*Description of the task*
In the records below, the line with "Wer ist es? Animal Crossing" opens the range and the line with "Tekken Force 3" closes it; print that range exactly and nothing else.

━━━━━━

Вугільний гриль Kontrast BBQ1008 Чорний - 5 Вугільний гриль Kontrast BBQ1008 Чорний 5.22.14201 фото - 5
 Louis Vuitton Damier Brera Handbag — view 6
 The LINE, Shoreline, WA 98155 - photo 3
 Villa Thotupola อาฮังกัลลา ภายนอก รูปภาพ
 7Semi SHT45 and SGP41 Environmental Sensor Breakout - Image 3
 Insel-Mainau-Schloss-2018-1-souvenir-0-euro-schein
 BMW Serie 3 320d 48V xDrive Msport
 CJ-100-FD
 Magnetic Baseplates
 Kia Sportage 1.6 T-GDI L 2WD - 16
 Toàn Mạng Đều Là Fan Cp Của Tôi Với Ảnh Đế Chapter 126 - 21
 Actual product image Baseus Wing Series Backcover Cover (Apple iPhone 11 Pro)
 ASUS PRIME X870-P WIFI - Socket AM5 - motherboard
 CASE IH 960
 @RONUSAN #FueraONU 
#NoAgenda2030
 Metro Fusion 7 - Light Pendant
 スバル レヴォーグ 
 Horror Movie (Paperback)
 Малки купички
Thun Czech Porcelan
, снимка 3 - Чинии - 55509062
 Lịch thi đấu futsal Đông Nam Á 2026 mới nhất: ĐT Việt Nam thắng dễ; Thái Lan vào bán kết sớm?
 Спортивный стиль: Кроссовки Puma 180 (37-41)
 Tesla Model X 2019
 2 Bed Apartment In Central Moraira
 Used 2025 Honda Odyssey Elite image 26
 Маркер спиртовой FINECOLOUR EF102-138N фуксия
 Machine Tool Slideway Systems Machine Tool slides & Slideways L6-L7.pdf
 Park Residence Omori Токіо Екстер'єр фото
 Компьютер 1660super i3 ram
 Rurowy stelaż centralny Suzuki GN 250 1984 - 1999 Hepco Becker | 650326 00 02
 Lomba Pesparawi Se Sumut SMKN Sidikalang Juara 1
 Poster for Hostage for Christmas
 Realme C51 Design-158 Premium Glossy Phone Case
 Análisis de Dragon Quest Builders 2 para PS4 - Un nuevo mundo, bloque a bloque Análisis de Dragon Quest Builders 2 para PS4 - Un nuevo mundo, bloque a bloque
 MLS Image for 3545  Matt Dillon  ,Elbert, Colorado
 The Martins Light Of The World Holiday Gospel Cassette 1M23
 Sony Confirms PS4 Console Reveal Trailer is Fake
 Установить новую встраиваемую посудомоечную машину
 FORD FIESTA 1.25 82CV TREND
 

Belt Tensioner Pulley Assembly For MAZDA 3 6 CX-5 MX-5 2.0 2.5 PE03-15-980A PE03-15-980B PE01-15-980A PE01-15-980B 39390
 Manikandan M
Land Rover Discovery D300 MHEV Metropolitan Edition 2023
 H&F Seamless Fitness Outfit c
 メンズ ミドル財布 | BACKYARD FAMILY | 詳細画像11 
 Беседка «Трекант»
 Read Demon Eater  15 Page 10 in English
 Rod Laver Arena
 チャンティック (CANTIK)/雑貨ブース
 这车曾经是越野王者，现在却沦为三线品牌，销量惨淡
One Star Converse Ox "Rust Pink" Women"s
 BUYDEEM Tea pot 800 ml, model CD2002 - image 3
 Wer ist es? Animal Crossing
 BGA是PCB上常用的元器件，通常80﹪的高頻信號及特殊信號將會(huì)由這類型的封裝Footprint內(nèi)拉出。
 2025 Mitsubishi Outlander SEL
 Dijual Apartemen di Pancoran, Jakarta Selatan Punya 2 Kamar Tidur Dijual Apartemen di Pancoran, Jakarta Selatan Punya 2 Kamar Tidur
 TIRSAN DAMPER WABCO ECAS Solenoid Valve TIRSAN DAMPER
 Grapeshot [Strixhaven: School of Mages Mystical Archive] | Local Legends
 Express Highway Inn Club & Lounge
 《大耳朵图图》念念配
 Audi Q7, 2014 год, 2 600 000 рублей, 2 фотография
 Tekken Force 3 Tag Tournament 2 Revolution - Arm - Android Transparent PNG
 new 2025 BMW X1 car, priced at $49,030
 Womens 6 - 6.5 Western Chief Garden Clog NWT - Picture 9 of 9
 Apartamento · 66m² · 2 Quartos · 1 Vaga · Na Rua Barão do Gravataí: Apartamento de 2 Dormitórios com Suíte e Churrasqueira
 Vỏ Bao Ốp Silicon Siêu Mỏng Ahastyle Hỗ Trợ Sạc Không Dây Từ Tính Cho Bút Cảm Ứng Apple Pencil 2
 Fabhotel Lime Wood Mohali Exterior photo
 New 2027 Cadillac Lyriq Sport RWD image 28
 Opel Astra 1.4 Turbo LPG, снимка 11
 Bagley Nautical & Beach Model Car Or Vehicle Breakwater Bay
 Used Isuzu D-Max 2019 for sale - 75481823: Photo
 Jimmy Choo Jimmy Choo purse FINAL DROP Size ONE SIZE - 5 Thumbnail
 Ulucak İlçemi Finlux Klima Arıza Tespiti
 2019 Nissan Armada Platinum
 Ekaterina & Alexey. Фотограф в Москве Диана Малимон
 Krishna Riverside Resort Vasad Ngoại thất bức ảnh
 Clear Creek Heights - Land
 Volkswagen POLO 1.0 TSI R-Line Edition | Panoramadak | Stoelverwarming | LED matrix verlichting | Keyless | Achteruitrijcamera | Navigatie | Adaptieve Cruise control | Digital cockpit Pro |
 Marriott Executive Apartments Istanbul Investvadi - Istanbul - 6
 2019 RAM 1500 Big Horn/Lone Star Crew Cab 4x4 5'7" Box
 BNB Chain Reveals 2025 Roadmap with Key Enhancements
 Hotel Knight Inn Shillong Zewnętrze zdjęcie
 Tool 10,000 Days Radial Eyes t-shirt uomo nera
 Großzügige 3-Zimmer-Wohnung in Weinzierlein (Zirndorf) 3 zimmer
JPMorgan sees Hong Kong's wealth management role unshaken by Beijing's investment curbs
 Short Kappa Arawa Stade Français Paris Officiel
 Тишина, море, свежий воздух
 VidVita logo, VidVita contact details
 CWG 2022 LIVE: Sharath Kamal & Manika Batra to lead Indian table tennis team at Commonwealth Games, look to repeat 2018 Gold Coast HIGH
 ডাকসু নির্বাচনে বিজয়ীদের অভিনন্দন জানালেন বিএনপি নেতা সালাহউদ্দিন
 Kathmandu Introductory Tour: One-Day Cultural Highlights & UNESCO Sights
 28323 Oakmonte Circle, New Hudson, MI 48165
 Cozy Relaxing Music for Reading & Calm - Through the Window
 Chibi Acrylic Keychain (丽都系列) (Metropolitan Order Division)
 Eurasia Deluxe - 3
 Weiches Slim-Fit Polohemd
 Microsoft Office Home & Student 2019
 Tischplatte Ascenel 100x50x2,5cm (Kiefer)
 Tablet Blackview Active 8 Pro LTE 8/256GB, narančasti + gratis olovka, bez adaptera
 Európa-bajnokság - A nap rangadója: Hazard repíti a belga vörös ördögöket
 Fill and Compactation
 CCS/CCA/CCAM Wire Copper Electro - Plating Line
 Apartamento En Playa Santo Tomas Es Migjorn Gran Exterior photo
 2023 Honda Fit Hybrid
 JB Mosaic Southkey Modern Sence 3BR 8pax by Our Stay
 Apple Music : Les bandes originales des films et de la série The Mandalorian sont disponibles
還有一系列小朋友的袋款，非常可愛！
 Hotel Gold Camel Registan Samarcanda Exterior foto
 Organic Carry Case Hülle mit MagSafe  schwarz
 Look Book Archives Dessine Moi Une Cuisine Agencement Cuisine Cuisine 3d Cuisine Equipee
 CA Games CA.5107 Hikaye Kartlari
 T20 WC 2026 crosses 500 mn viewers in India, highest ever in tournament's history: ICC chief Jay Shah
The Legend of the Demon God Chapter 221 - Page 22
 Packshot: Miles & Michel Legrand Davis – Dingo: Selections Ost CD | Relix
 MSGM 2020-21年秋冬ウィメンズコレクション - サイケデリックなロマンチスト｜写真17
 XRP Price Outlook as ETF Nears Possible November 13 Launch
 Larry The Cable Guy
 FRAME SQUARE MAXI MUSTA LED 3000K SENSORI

━━━━━━

*Solution*
 Wer ist es? Animal Crossing
 BGA是PCB上常用的元器件，通常80﹪的高頻信號及特殊信號將會(huì)由這類型的封裝Footprint內(nèi)拉出。
 2025 Mitsubishi Outlander SEL
 Dijual Apartemen di Pancoran, Jakarta Selatan Punya 2 Kamar Tidur Dijual Apartemen di Pancoran, Jakarta Selatan Punya 2 Kamar Tidur
 TIRSAN DAMPER WABCO ECAS Solenoid Valve TIRSAN DAMPER
 Grapeshot [Strixhaven: School of Mages Mystical Archive] | Local Legends
 Express Highway Inn Club & Lounge
 《大耳朵图图》念念配
 Audi Q7, 2014 год, 2 600 000 рублей, 2 фотография
 Tekken Force 3 Tag Tournament 2 Revolution - Arm - Android Transparent PNG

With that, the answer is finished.